TASK REQUIREMENTS: Skipping any pictures, give all of the records below again exactly.

DATA EXTRACTS:
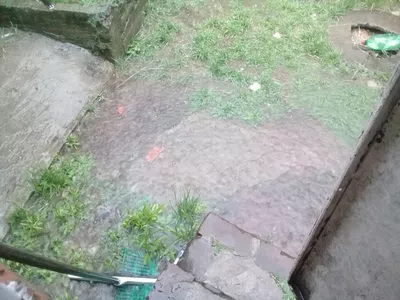 Q destapen la cloaca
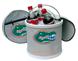 Florida Gators Icebucket/Cooler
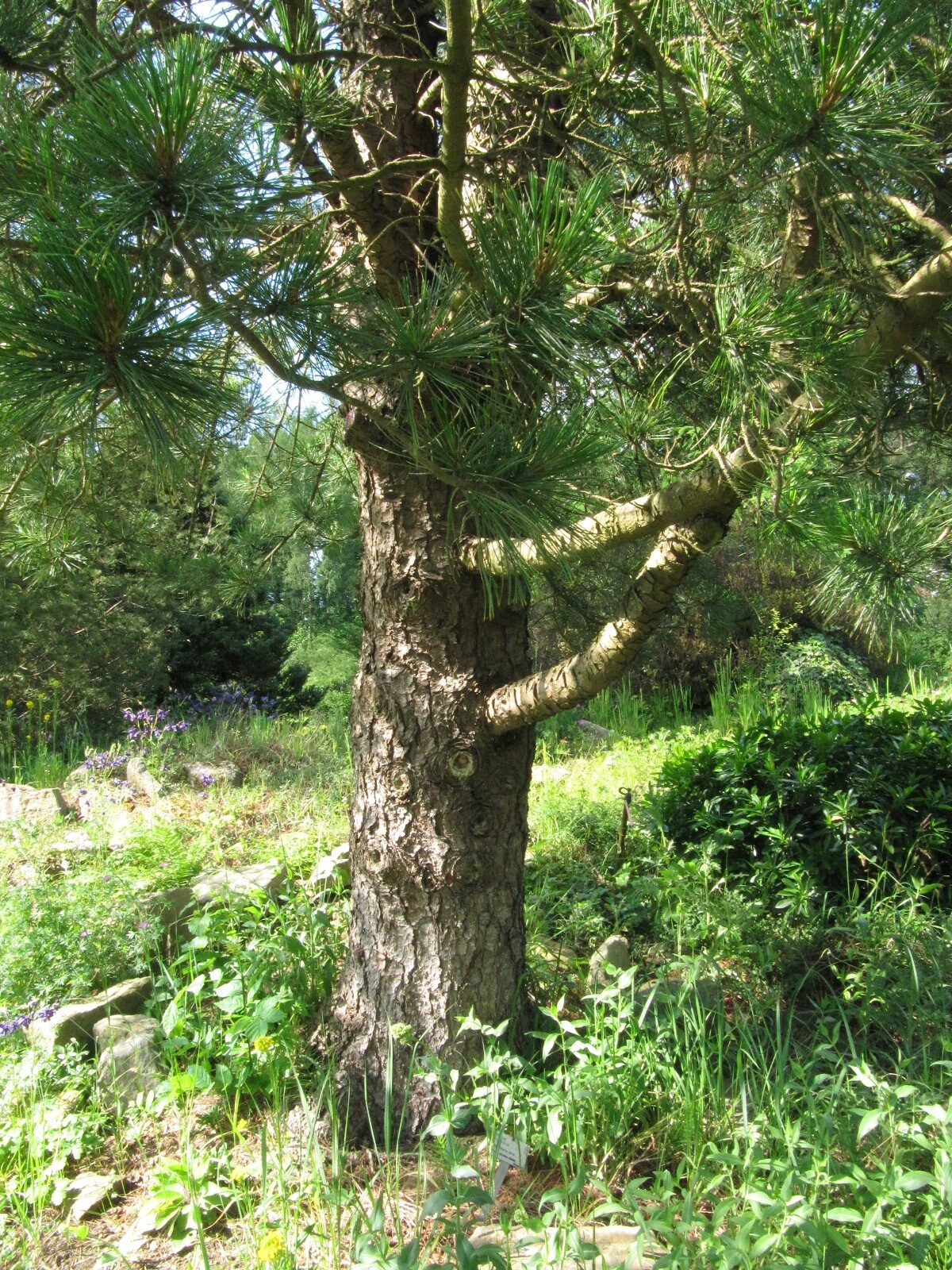 Pinus cembra - Bot. Garten Bochum - Mai 2024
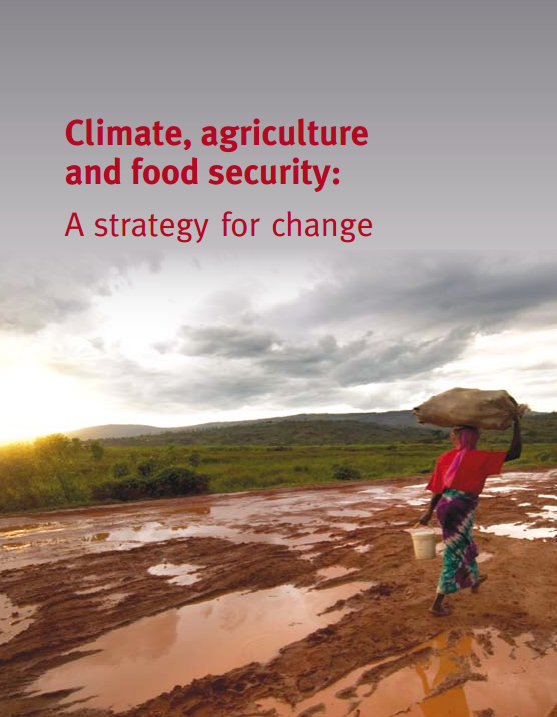 Download Resource: Climate, Agriculture and Food Security: A Strategy for Change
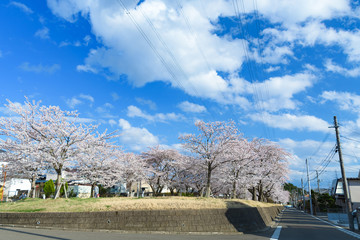 Obraz premium 宮城県富谷市東向陽台グリーンベルト 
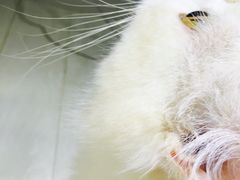 -喵的天空名猫咖啡馆·撸猫·猫舍·用品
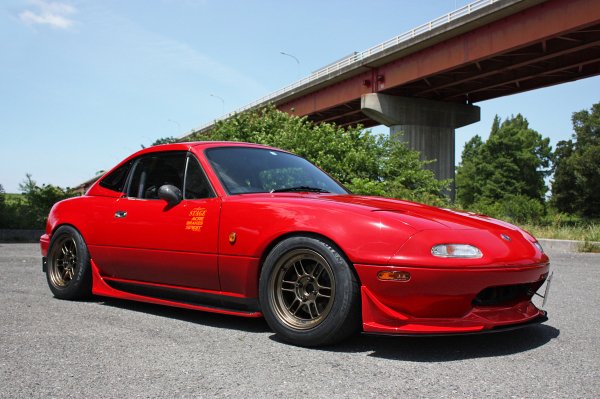 Side Step T-S (FRP)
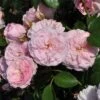 'My Beloved Mother' Shrub Rose -Bloom And Harvest SHR0067 1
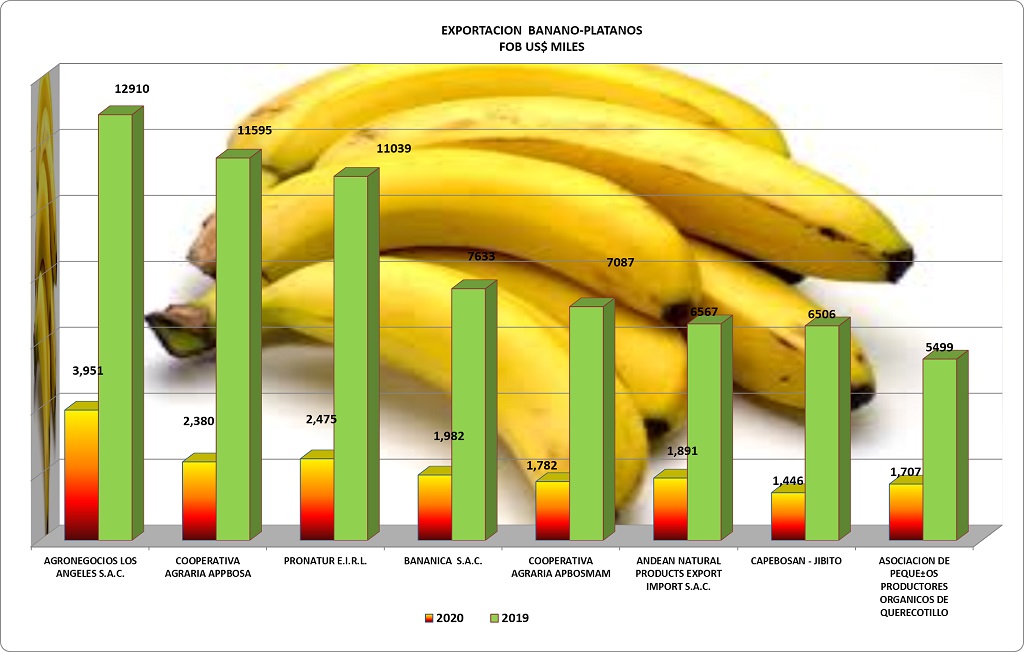 Exportacion bananos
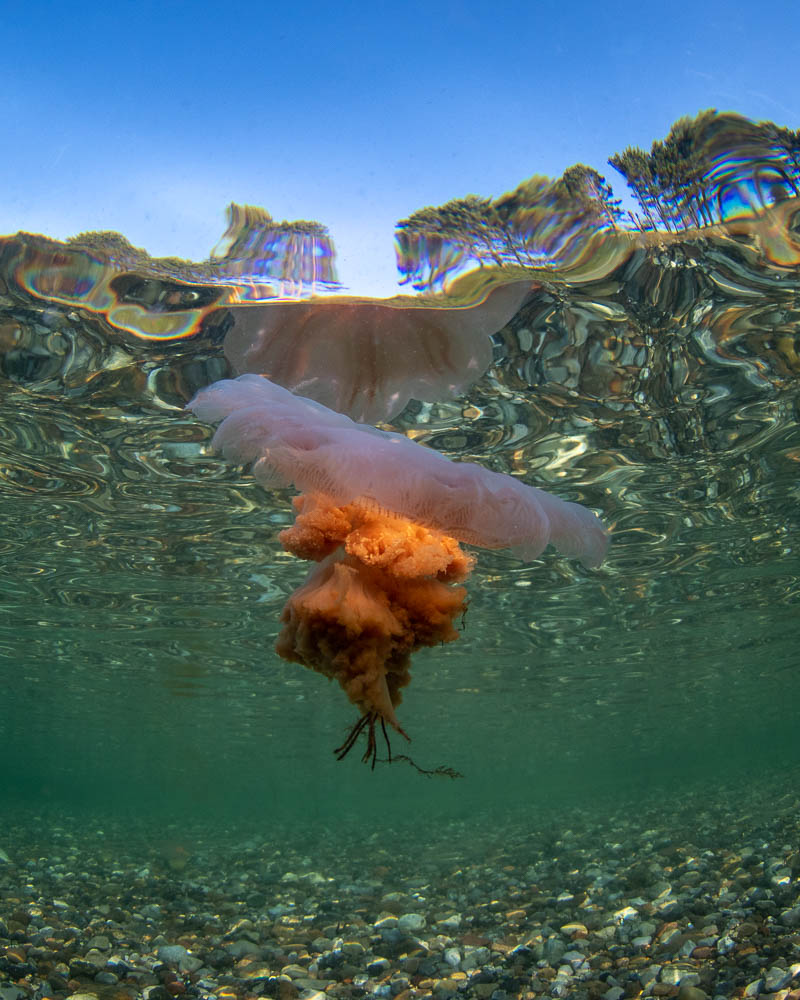 DSC_0008.jpg DSC_0008.jpg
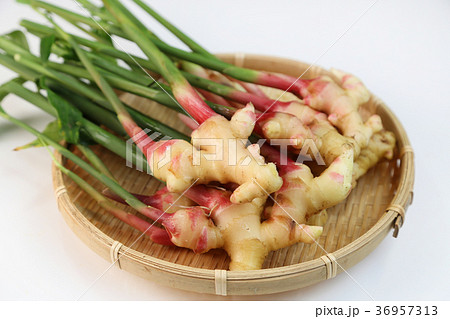 生姜 生姜 36957313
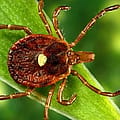 Tick bites are surging in the US this year. Here’s what to know.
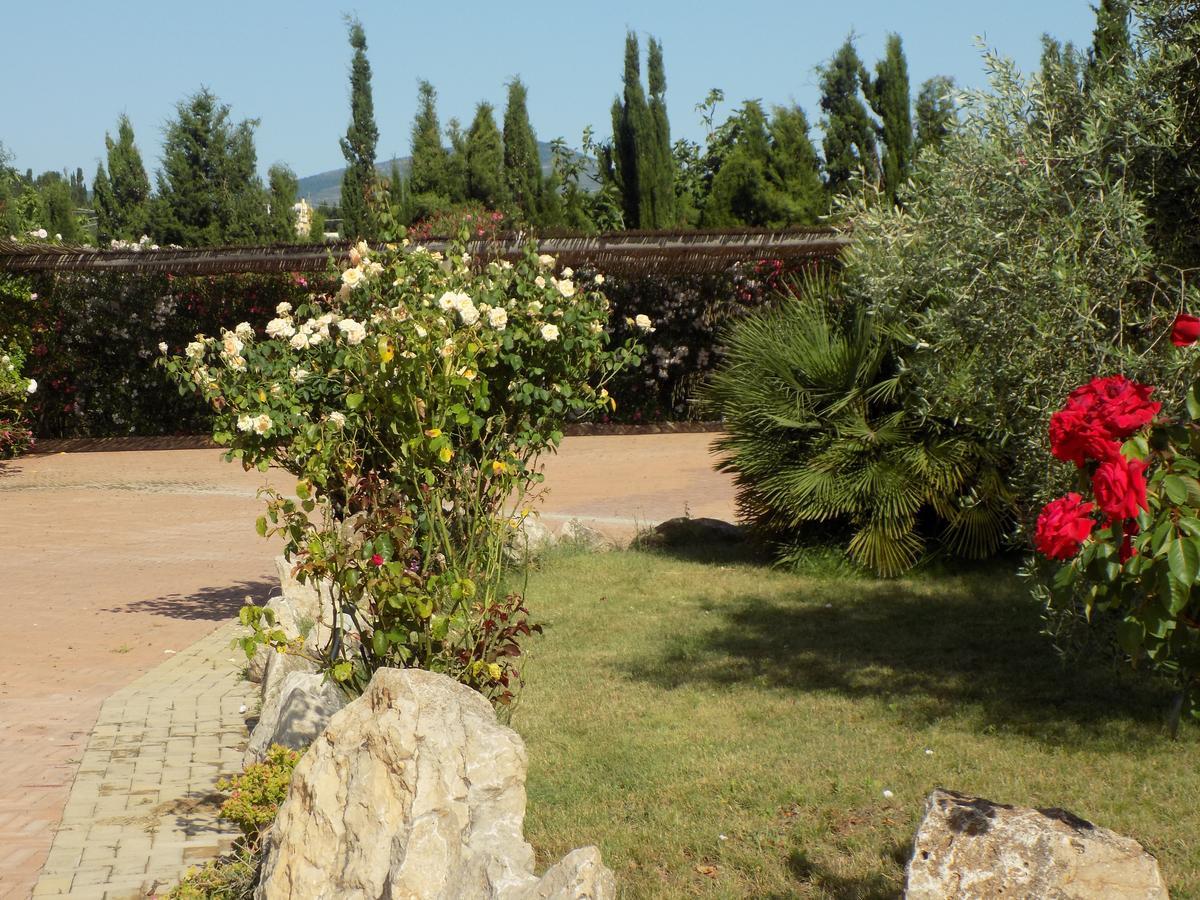 Villa Sorrentina Alguer Exterior foto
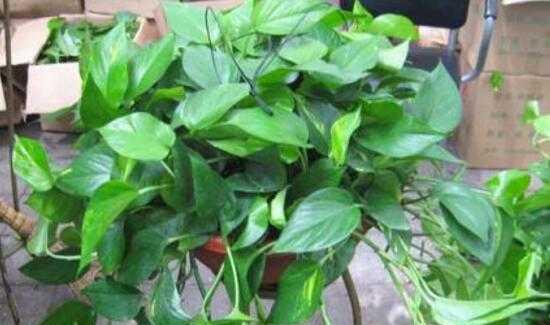 绿萝花怎么浇水方法？多久浇一次水最合适？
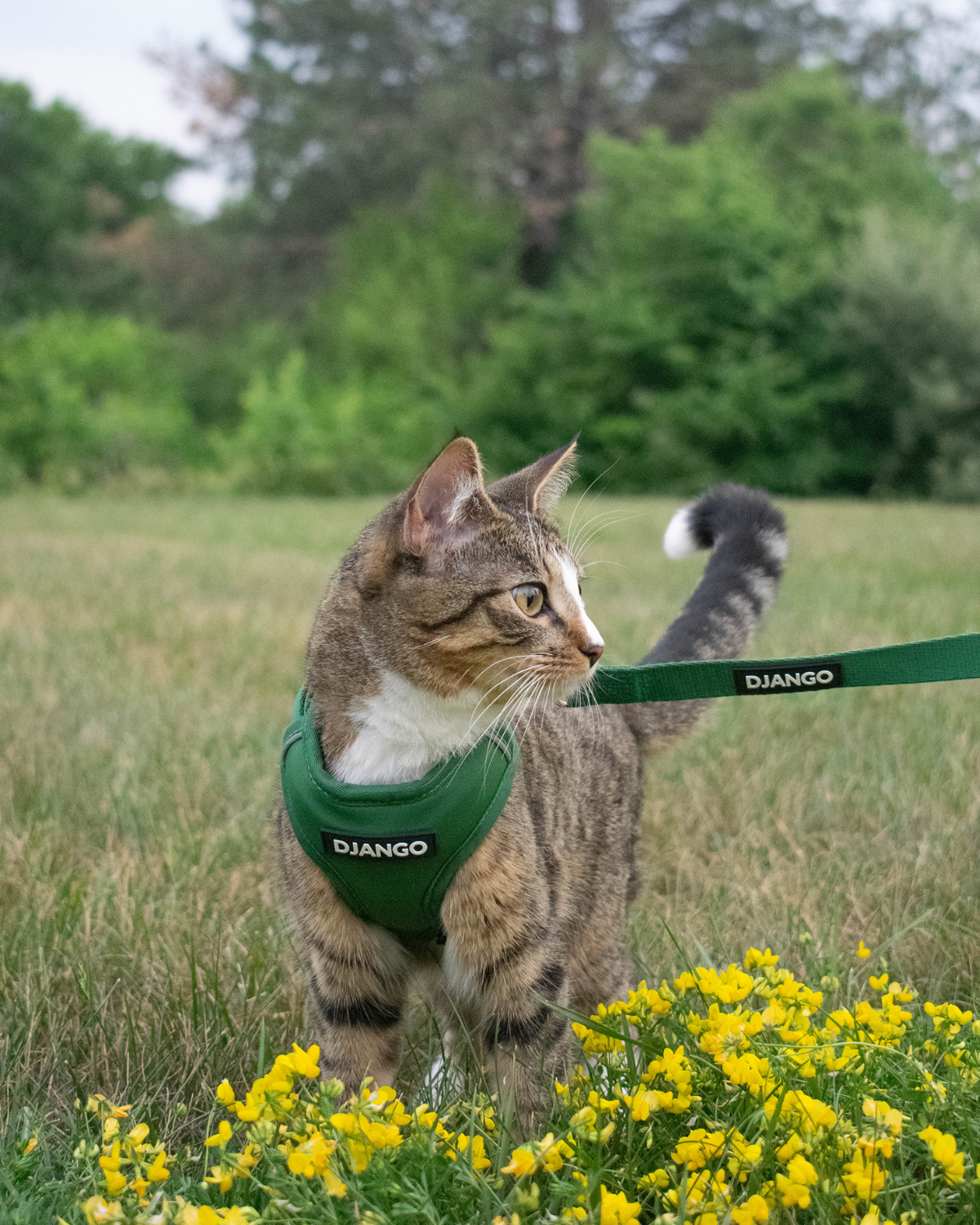 Cat wearing the forest green DJANGO Adventure Cat Harness while walking through yellow wildflowers.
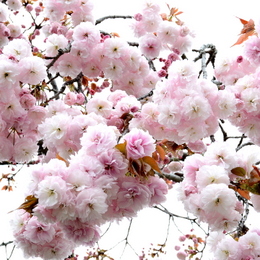 1-16.04.15 八重桜-2.jpg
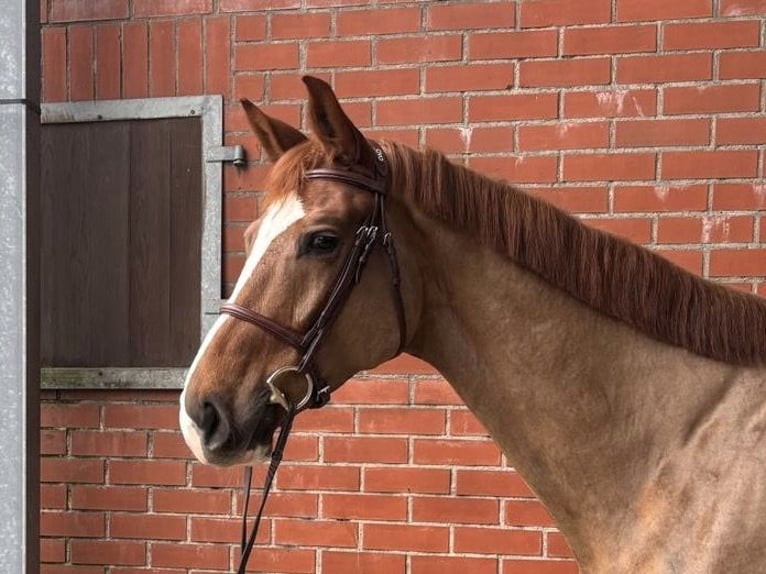 Zangersheider Gelding 6 years 16,3 hh Chestnut-Red in Ellerhoop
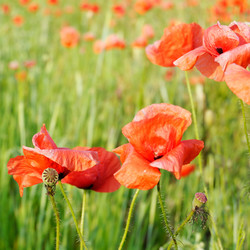 Similar image 2214471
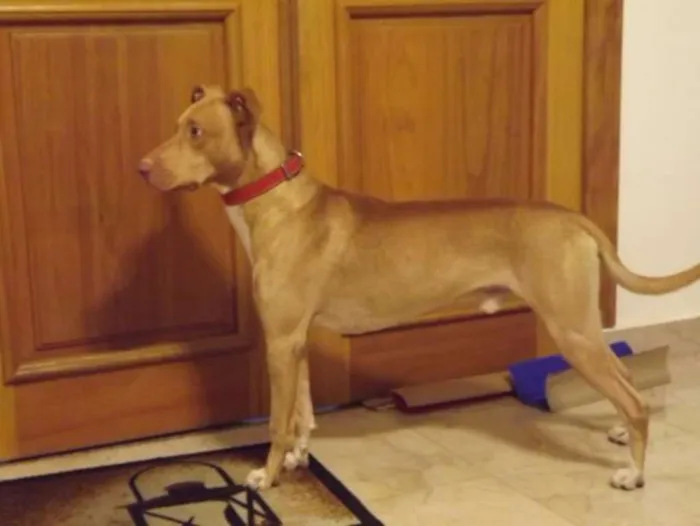 Cachorro ra a Pit-Bull idade 2 anos nome Beto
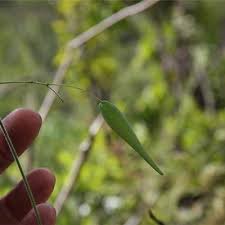 Image result for Blepharis burundiensis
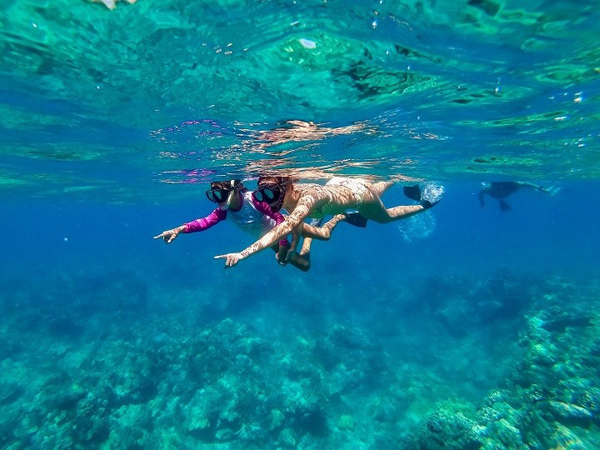 Snorkel Cruise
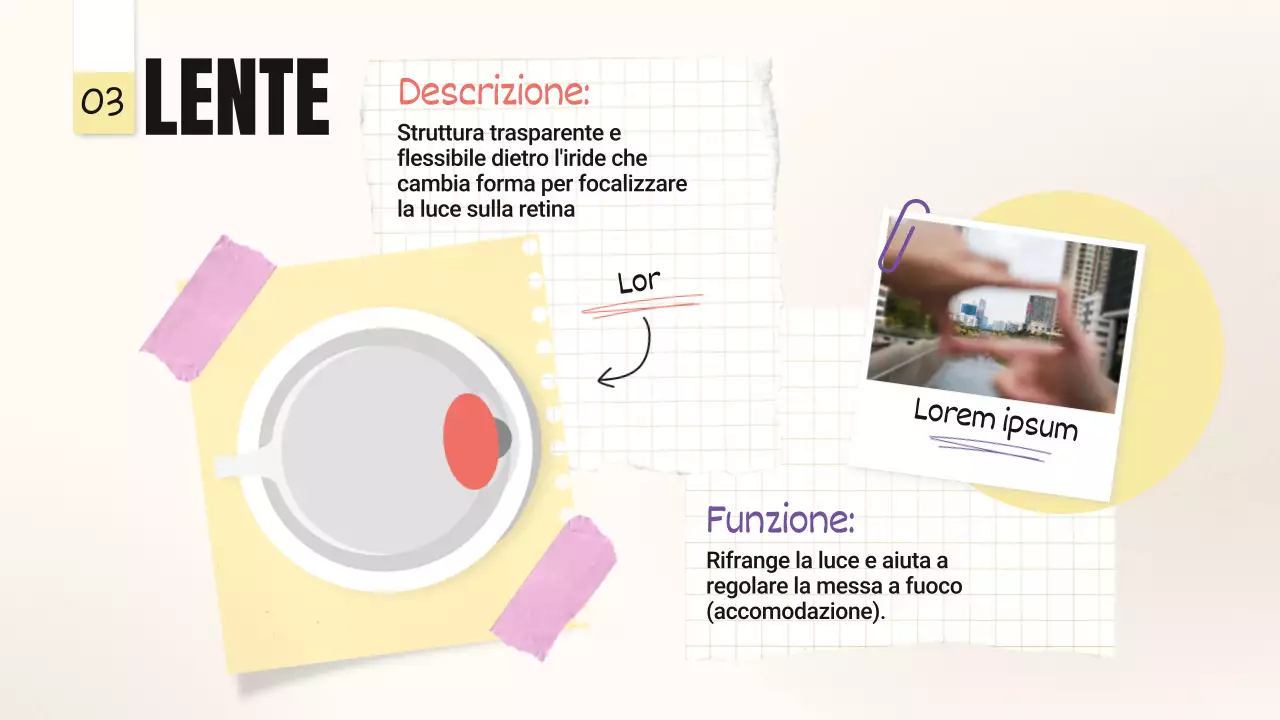 Tendenza giallo-rosa Parti in grassetto degli occhi Materiale della classe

RESPONSE:
 Q destapen la cloaca
 Florida Gators Icebucket/Cooler
 Pinus cembra - Bot. Garten Bochum - Mai 2024
 Download Resource: Climate, Agriculture and Food Security: A Strategy for Change
 Obraz premium 宮城県富谷市東向陽台グリーンベルト 
 -喵的天空名猫咖啡馆·撸猫·猫舍·用品
 Side Step T-S (FRP)
 'My Beloved Mother' Shrub Rose -Bloom And Harvest SHR0067 1
 Exportacion bananos
 DSC_0008.jpg DSC_0008.jpg
 生姜 生姜 36957313
 Tick bites are surging in the US this year. Here’s what to know.
 Villa Sorrentina Alguer Exterior foto
 绿萝花怎么浇水方法？多久浇一次水最合适？
 Cat wearing the forest green DJANGO Adventure Cat Harness while walking through yellow wildflowers.
 1-16.04.15 八重桜-2.jpg
 Zangersheider Gelding 6 years 16,3 hh Chestnut-Red in Ellerhoop
 Similar image 2214471
 Cachorro ra a Pit-Bull idade 2 anos nome Beto
 Image result for Blepharis burundiensis
 Snorkel Cruise
 Tendenza giallo-rosa Parti in grassetto degli occhi Materiale della classe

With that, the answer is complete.